Could you print every line from the first one of the records below through the line containing "Vertbaudet - legging court orange - 8 ans", with both included and nothing else?

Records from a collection
- Opening Delimiter -

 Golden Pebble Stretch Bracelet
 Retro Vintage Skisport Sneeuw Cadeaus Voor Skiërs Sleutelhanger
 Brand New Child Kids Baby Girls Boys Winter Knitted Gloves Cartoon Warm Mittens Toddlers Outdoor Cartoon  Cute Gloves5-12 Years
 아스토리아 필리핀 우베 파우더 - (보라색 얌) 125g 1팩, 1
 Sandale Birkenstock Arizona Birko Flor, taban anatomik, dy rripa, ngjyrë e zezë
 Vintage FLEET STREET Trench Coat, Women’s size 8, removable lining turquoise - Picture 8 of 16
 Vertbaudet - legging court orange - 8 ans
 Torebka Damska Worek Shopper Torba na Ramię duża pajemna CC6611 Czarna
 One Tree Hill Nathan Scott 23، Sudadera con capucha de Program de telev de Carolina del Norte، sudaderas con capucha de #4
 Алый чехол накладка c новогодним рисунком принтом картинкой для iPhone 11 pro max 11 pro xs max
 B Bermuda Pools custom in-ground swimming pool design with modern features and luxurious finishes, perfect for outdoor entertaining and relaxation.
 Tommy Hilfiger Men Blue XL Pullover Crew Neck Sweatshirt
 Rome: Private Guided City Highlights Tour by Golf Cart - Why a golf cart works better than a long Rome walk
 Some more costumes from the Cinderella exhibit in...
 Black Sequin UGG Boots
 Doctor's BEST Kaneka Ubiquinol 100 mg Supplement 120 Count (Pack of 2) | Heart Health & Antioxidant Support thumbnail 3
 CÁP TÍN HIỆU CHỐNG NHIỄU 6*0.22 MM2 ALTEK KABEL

- Closing Delimiter -

SOLUTION FOR THIS TASK.
 Golden Pebble Stretch Bracelet
 Retro Vintage Skisport Sneeuw Cadeaus Voor Skiërs Sleutelhanger
 Brand New Child Kids Baby Girls Boys Winter Knitted Gloves Cartoon Warm Mittens Toddlers Outdoor Cartoon  Cute Gloves5-12 Years
 아스토리아 필리핀 우베 파우더 - (보라색 얌) 125g 1팩, 1
 Sandale Birkenstock Arizona Birko Flor, taban anatomik, dy rripa, ngjyrë e zezë
 Vintage FLEET STREET Trench Coat, Women’s size 8, removable lining turquoise - Picture 8 of 16
 Vertbaudet - legging court orange - 8 ans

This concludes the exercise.